Some reports have been dismissed out of hand, most noticeably that on the N.C. B. and miners strike, assisted by Tory rebel John Gorst, when Mrs. Thatcher questioned the integrity of those involved because they had failed to condemn the violence. Those reports that do make recommendations can be used by the Government, Mrs. Thatcher used over 150 recommendations between 1985-6 but they may only have been minor changes. Committees are not without there problems, the Scottish Affairs committee never met after 1987 because of the ten Scottish Conservatives five where members of the Cabinet excluding them from participation.

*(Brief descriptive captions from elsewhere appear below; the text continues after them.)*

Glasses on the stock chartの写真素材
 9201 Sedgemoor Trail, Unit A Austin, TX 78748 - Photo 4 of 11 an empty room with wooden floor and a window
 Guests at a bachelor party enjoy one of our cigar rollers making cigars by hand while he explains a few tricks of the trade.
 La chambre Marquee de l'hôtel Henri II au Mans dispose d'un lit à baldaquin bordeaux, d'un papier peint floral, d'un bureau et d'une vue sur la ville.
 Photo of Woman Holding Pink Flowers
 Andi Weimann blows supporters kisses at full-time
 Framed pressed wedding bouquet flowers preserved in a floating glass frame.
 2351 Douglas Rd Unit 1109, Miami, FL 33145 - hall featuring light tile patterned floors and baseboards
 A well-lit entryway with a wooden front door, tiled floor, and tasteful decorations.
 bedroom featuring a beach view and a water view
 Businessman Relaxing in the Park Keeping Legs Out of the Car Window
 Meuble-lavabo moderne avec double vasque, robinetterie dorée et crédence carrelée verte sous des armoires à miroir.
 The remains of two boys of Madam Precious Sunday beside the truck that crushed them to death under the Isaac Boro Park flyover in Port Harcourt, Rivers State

There is no evidence that there has been a shift of power between the executive and the Commons, in fact it has been said Ministers can pressure members to divide on party lines and as most committees have an in built majority of the governing party there effectiveness can be questioned in that sense. The committees which looked into Westland and the Belgrano affair did however score a major success when they were televised live. In the Westlands case it elicited more information than was revealed by Mrs. Thatcher.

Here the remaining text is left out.